The first step was to make a ‘sponge’ by sprinkling dry yeast over warm water, then adding 3 cups of flour, stirring to incorporate:
We rested this mixture for about an hour, then added olive oil and more flour and kneaded it until it was smooth and elastic. This was easy thanks to the beloved KitchenAid:
We then returned these to their bowls, covered and left in a warm spot to double in size, this took about 1.5 hours. Here is the dough while it is proving:
We popped our pizza stone in the oven to heat up, while we worked the dough. This involved punching down the dough, dividing it into pieces and flattening the pieces with your hands. Mr M found his dough scraper to be very helpful at this point!
The next step is to roll out each piece to a circle 8 to 9 inches/ 20 cm in diameter and less than 1/4 inch or 6mm thick. We baked the breads one by one on the pizza stone for about 3-4 minutes – this took quite a long time!
The end result:
Emily really enjoyed the pita bread – particularly as she cannot ordinarily eat it. That said, it was quite involved to make pita from scratch and we don’t think we would do it again. Other aspects of the feast were as labour intensive but well worth the effort.

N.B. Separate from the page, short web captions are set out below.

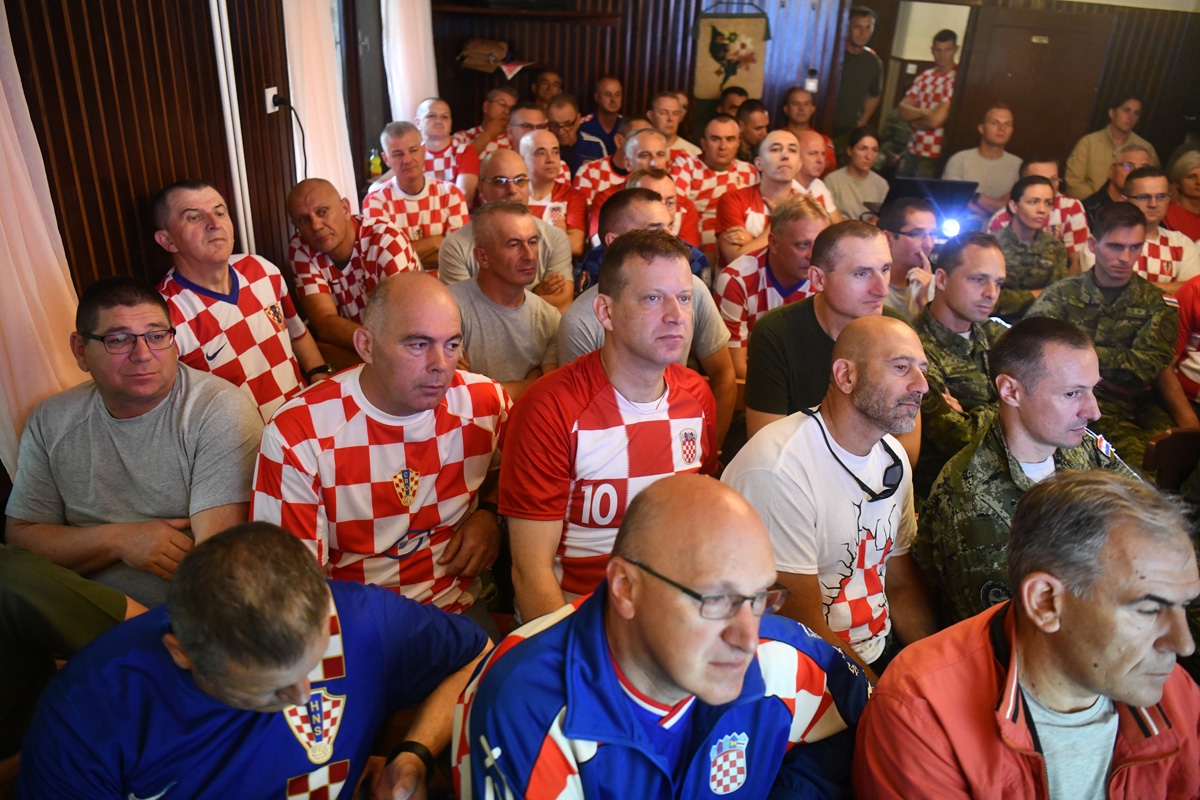 https://www.morh.hr/wp-content/gallery/hrvatska-vojska-sa-sljemena-poslala-poruku-sretno-vatreni/hodnja_medvednica_osrh_15062018_32.jpg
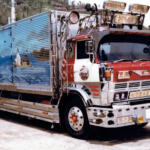 【画像】デコトラに魅了されているが……「何がいいの？」と聞かれると難しい！　結局デコトライベントで目の当たりにするのが一番だった 〜 画像4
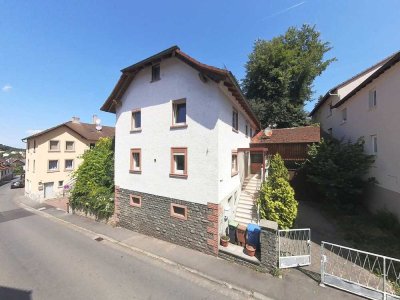 Freistehendes Ein-/Zweifamilienhaus mit Scheune/Garage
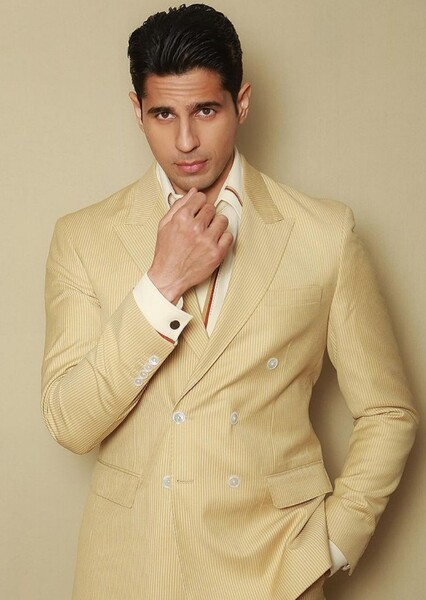 Sidharth Malhotra photo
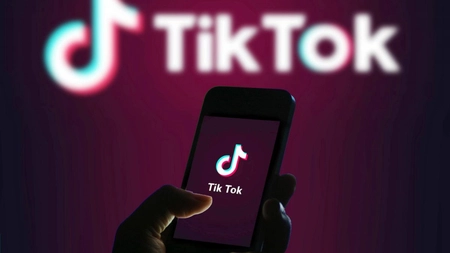 Cinci influencerițe au fost condamnate la doi ani de închisoare din cauza unor videoclipuri postate pe TikTok
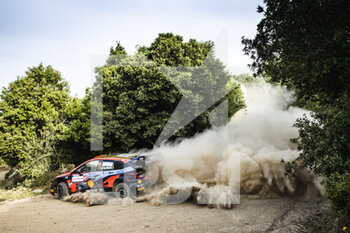 2022-06-04 - 11 NEUVILLE Thierry (bel), WYDAEGHE Martijn (bel), Hyundai Shell Mobis World Rally Team, Hyundai i20 N Rally 1, action during the Rally Italia Sardegna 2022, 5th round of the 2022 WRC World Rally Car Championship, from June 2 to 5, 2022 at Alghero, Italy - AUTO - WRC - RALLY ITALIA SARDEGNA 2022 - RALLY - MOTORS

Pita Bread – Recipe adapted from Flatbreads & Flavors by Jeffrey Alford and Naomi Duguid
Prep time: 20 minutes to make, 90 minutes to rise and about 45 minutes to cook
2 teaspoons regular dry yeast (.43 ounces/12.1 grams)
2.5 cups lukewarm water (21 ounces/591 grams)
5-6 cups all-purpose flour (17.5 -21 ounces/497-596 grams) – note, we used a combination of 50% whole wheat and 50% all-purpose. We also needed to add extra flour for the mix to come together, probably an additional cup.
1 tablespoon table salt (.50 ounces/15 grams)
2 tablespoons olive oil (.95 ounces/29 ml)
Note: for the spelt pita bread, we used the same ratio of dry ingredients but reduced the wet ingredients by about 20%.
- In a large bread bowl, sprinkle the yeast over the warm water. Stir to dissolve. Stir in 3 cups flour, a cup at a time, and then stir 100 times, about 1 minute, in the same direction to activate the gluten. Let this sponge rest for at least 10 minutes, or as long as 2 hours.
- Sprinkle the salt over the sponge and stir in the olive oil. Mix well. Add more flour, a cup at a time, until the dough is too stiff to stir. Turn it out onto a lightly floured surface and knead for 8 to 10 minutes, until smooth and elastic. Rinse out the bowl, dry, and lightly oil. Return the dough to the bowl and cover with plastic wrap. Let rise until at least doubled in size, approximately 1 1/2 hours.
- Place a pizza stone, or two small baking sheets, on the bottom rack of your oven, leaving a 1-inch gap all around between the stone or sheets and the oven walls to allow heat to circulate. Preheat the oven to 450F (230C).
- Gently punch down the dough. Divide the dough in half, and then set half aside, covered, while you work with the rest. Divide the other half into 8 equal pieces and flatten each piece with lightly floured hands. Roll out each piece to a circle 8 to 9 inches in diameter and less than 1/4 inch thick. Keep the rolled-out breads covered until ready to bake, but do not stack.
- Place 2 breads, or more if your oven is large enough, on the stone or baking sheets, and bake for 2 to 3 minutes, or until each bread has gone into a full balloon. If for some reason your bread doesn’t puff up, don’t worry it should still taste delicious. Wrap the baked breads together in a large kitchen towel to keep them warm and soft while you bake the remaining rolled-out breads. Then repeat with the rest of the dough.